=== Provided material ===

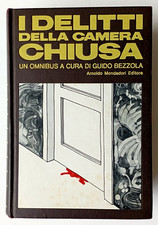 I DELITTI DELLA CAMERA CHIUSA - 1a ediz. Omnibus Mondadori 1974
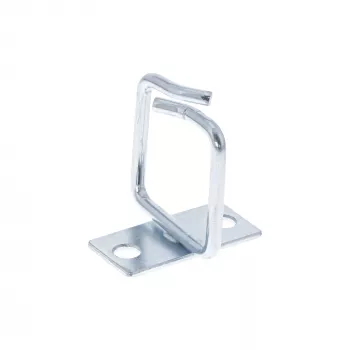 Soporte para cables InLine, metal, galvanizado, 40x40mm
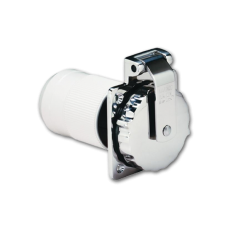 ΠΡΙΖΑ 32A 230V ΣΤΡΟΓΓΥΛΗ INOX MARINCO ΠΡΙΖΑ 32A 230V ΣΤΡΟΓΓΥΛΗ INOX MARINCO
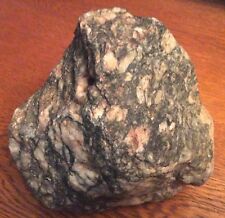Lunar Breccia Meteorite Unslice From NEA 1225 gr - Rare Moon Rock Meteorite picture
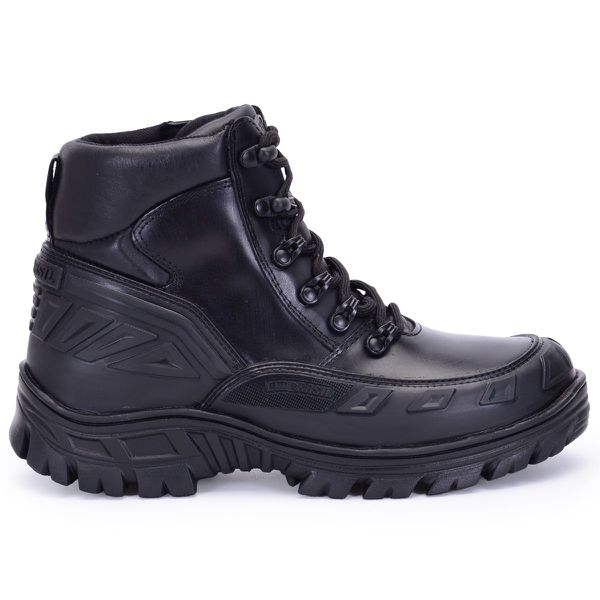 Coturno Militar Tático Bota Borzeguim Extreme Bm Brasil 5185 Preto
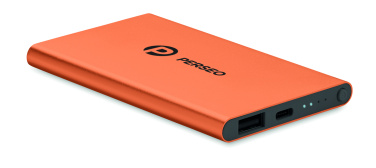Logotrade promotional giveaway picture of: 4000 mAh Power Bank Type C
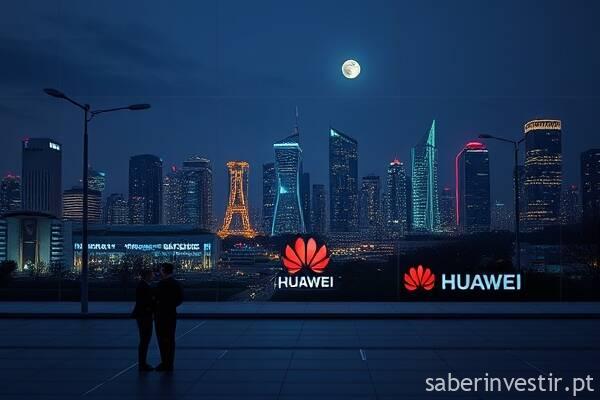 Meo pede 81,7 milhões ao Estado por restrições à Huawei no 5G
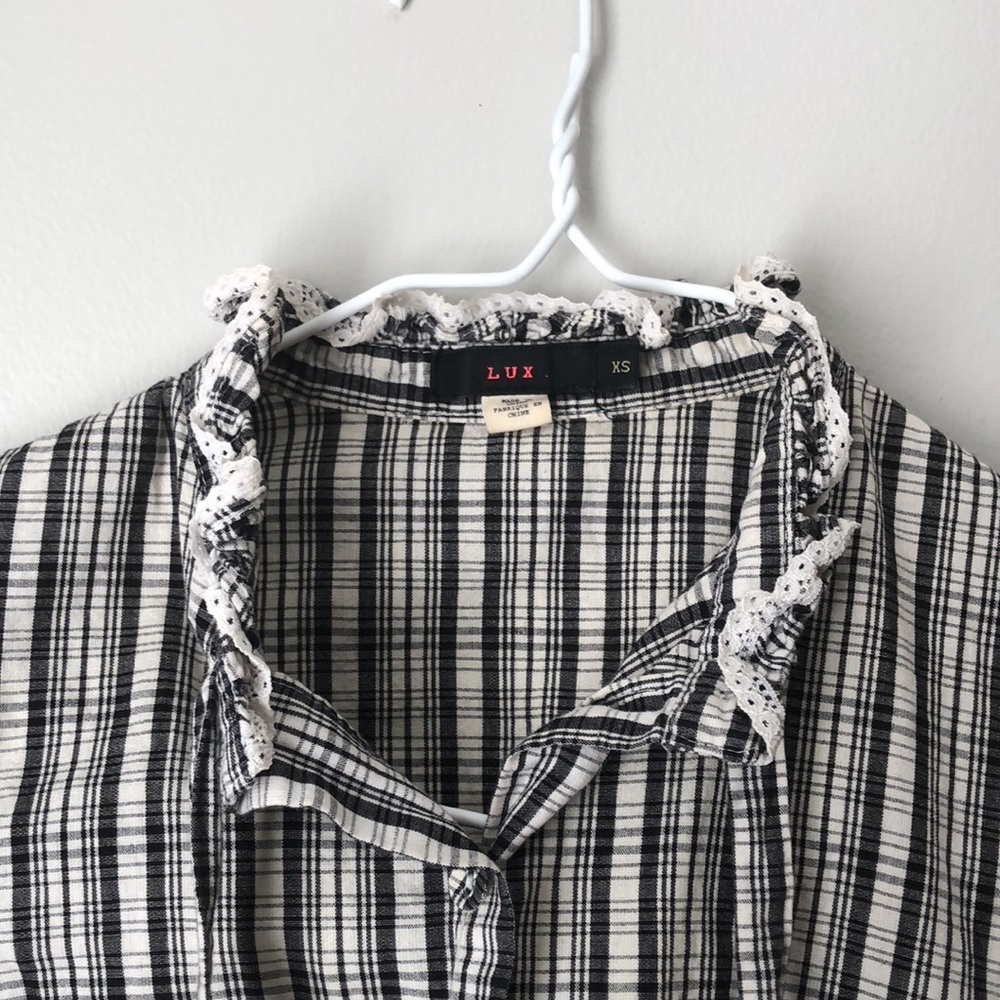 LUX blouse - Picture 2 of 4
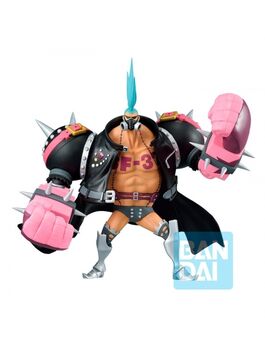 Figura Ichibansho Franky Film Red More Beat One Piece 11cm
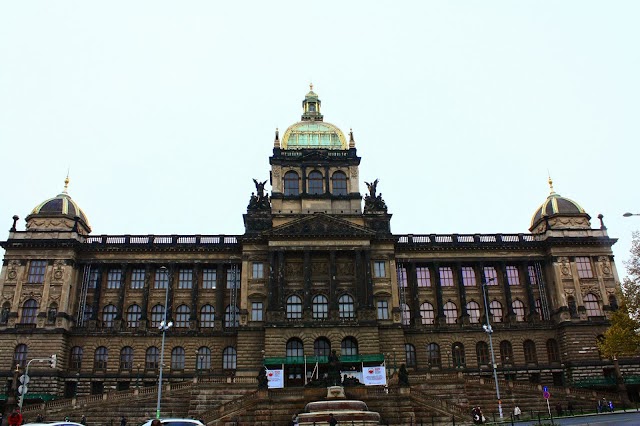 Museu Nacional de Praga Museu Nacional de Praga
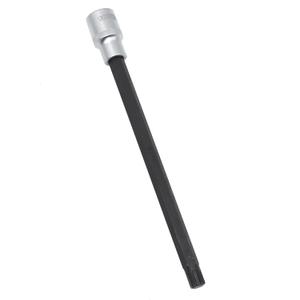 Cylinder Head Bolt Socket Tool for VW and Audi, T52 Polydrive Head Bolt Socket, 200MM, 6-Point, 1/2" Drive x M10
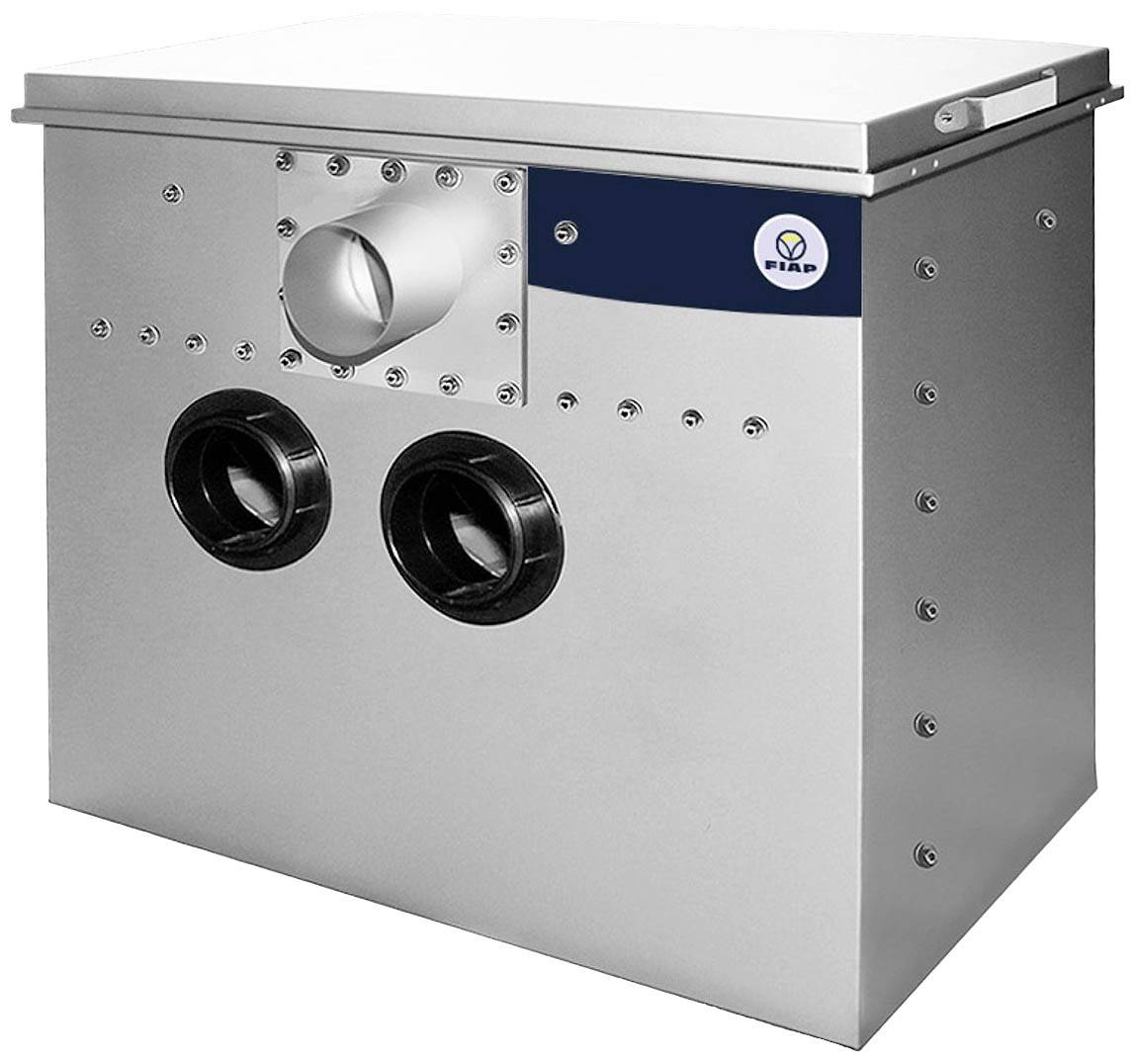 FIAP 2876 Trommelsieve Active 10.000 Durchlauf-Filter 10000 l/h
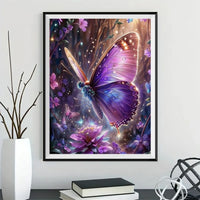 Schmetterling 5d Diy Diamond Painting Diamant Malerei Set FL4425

===

Task item. With all pictures excluded, output exactly the lines from the one containing "Soporte para cables" through the final line of the entries, inclusive.

Response to the exercise.
 Soporte para cables InLine, metal, galvanizado, 40x40mm
 ΠΡΙΖΑ 32A 230V ΣΤΡΟΓΓΥΛΗ INOX MARINCO ΠΡΙΖΑ 32A 230V ΣΤΡΟΓΓΥΛΗ INOX MARINCO
Lunar Breccia Meteorite Unslice From NEA 1225 gr - Rare Moon Rock Meteorite picture
 Coturno Militar Tático Bota Borzeguim Extreme Bm Brasil 5185 Preto
Logotrade promotional giveaway picture of: 4000 mAh Power Bank Type C
 Meo pede 81,7 milhões ao Estado por restrições à Huawei no 5G
 LUX blouse - Picture 2 of 4
 Figura Ichibansho Franky Film Red More Beat One Piece 11cm
 Museu Nacional de Praga Museu Nacional de Praga
 Cylinder Head Bolt Socket Tool for VW and Audi, T52 Polydrive Head Bolt Socket, 200MM, 6-Point, 1/2" Drive x M10
 FIAP 2876 Trommelsieve Active 10.000 Durchlauf-Filter 10000 l/h
 Schmetterling 5d Diy Diamond Painting Diamant Malerei Set FL4425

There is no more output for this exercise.